Ripping Off the Band-Aid on Taxi Loans

Uber and Lyft’s ongoing assault on the traditional taxicab business is turning into a real bummer for banks that finance the medallions that big-city cab companies need to run their fleets.

Two otherwise high-performing banks — BankUnited in Miami Lakes, Fla., and Signature Bank in New York — reported underwhelming third-quarter results on Thursday that reflected sharp increases in their loan-loss provisions for taxi medallion loans.

BankUnited set aside $24.4 million in the quarter after its nonperforming medallion loans in New York ballooned to $54.4 million, up from just $2.6 million at the end of 2015.

Signature took even more drastic measures. It charged off $95 million of medallion loans in the Chicago market, leaving it with just $58 million of Chicago taxi loans on its books. It set aside $80.5 million for loan losses in the quarter, up more than 600% from just a year ago.

Signature decided to “rip the Band-Aid off,” is how Eric Howell, executive vice president of corporate and business development, described the decision to charge off a large chunk of the Chicago portfolio.

The value of taxi medallions in many cities has plunged in recent years as ridesharing services siphon business away from traditional taxi firms. That’s left many drivers and fleet owners underwater on their medallion loans, while making it difficult for them to refinance their debt.

BankUnited and Signature had warned of weakness in their medallion portfolios for several quarters, but had largely resisted taking drastic measures in hopes that they could restructure the loans. That changed in recent weeks, when large borrowers at both banks failed to make payments and balked at renegotiating the terms.
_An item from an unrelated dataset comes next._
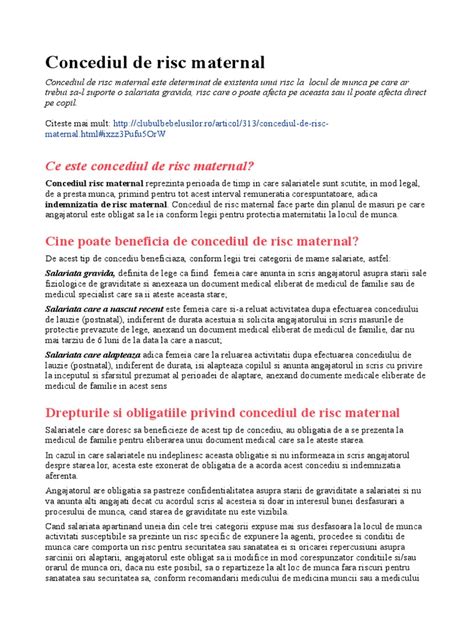 Infografic: Ce este concediul de risc maternal, cine poate beneficia și ce condiții implică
The good news is that medallion loans make up just a fraction of overall loans at those banks. The $27.3 billion-asset BankUnited has just $192 million of medallion loans on its books, or roughly 1% of total loans, while Signature’s $593 million portfolio is equal to about 2% of total loans.

Both banks also took pains to note that overall credit quality is very strong.

“The asset-quality indicators … remain very favorable,” BankUnited Chairman, President and Chief Executive John Kanas said on an earnings call with analysts Thursday. “We’re not seeing any signs of systemic deterioration or asset-quality issues other than taxi.”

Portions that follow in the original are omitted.